**Exercise details**
Copy the records below exactly as they appear.

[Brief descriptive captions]

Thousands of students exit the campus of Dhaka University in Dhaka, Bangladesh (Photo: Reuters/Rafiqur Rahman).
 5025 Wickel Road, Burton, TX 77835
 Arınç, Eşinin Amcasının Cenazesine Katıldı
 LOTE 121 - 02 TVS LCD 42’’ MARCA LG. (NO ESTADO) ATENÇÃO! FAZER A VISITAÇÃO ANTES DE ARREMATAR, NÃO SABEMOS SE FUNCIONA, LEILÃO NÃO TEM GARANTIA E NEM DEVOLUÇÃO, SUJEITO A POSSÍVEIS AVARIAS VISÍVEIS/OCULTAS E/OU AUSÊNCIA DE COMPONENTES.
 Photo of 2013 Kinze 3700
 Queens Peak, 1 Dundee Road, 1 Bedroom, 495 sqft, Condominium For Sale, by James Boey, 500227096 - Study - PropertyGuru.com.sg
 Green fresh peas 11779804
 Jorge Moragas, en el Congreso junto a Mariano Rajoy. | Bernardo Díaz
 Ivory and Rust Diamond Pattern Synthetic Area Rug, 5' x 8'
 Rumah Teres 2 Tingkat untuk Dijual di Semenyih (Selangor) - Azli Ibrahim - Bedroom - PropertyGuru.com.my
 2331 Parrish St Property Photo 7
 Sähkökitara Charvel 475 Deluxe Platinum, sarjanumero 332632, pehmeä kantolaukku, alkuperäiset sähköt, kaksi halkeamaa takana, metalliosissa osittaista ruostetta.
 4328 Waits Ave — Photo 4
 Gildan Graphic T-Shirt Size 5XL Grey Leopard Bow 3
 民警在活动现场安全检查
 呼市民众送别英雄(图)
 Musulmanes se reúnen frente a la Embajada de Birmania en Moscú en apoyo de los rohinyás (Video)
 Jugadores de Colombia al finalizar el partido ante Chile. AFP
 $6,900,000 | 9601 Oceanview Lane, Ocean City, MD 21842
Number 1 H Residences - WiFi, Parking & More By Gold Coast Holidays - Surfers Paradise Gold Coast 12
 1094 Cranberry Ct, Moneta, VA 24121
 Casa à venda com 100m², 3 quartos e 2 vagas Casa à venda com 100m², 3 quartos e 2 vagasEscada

**Reply to the task**
Thousands of students exit the campus of Dhaka University in Dhaka, Bangladesh (Photo: Reuters/Rafiqur Rahman).
 5025 Wickel Road, Burton, TX 77835
 Arınç, Eşinin Amcasının Cenazesine Katıldı
 LOTE 121 - 02 TVS LCD 42’’ MARCA LG. (NO ESTADO) ATENÇÃO! FAZER A VISITAÇÃO ANTES DE ARREMATAR, NÃO SABEMOS SE FUNCIONA, LEILÃO NÃO TEM GARANTIA E NEM DEVOLUÇÃO, SUJEITO A POSSÍVEIS AVARIAS VISÍVEIS/OCULTAS E/OU AUSÊNCIA DE COMPONENTES.
 Photo of 2013 Kinze 3700
 Queens Peak, 1 Dundee Road, 1 Bedroom, 495 sqft, Condominium For Sale, by James Boey, 500227096 - Study - PropertyGuru.com.sg
 Green fresh peas 11779804
 Jorge Moragas, en el Congreso junto a Mariano Rajoy. | Bernardo Díaz
 Ivory and Rust Diamond Pattern Synthetic Area Rug, 5' x 8'
 Rumah Teres 2 Tingkat untuk Dijual di Semenyih (Selangor) - Azli Ibrahim - Bedroom - PropertyGuru.com.my
 2331 Parrish St Property Photo 7
 Sähkökitara Charvel 475 Deluxe Platinum, sarjanumero 332632, pehmeä kantolaukku, alkuperäiset sähköt, kaksi halkeamaa takana, metalliosissa osittaista ruostetta.
 4328 Waits Ave — Photo 4
 Gildan Graphic T-Shirt Size 5XL Grey Leopard Bow 3
 民警在活动现场安全检查
 呼市民众送别英雄(图)
 Musulmanes se reúnen frente a la Embajada de Birmania en Moscú en apoyo de los rohinyás (Video)
 Jugadores de Colombia al finalizar el partido ante Chile. AFP
 $6,900,000 | 9601 Oceanview Lane, Ocean City, MD 21842
Number 1 H Residences - WiFi, Parking & More By Gold Coast Holidays - Surfers Paradise Gold Coast 12
 1094 Cranberry Ct, Moneta, VA 24121
 Casa à venda com 100m², 3 quartos e 2 vagas Casa à venda com 100m², 3 quartos e 2 vagasEscada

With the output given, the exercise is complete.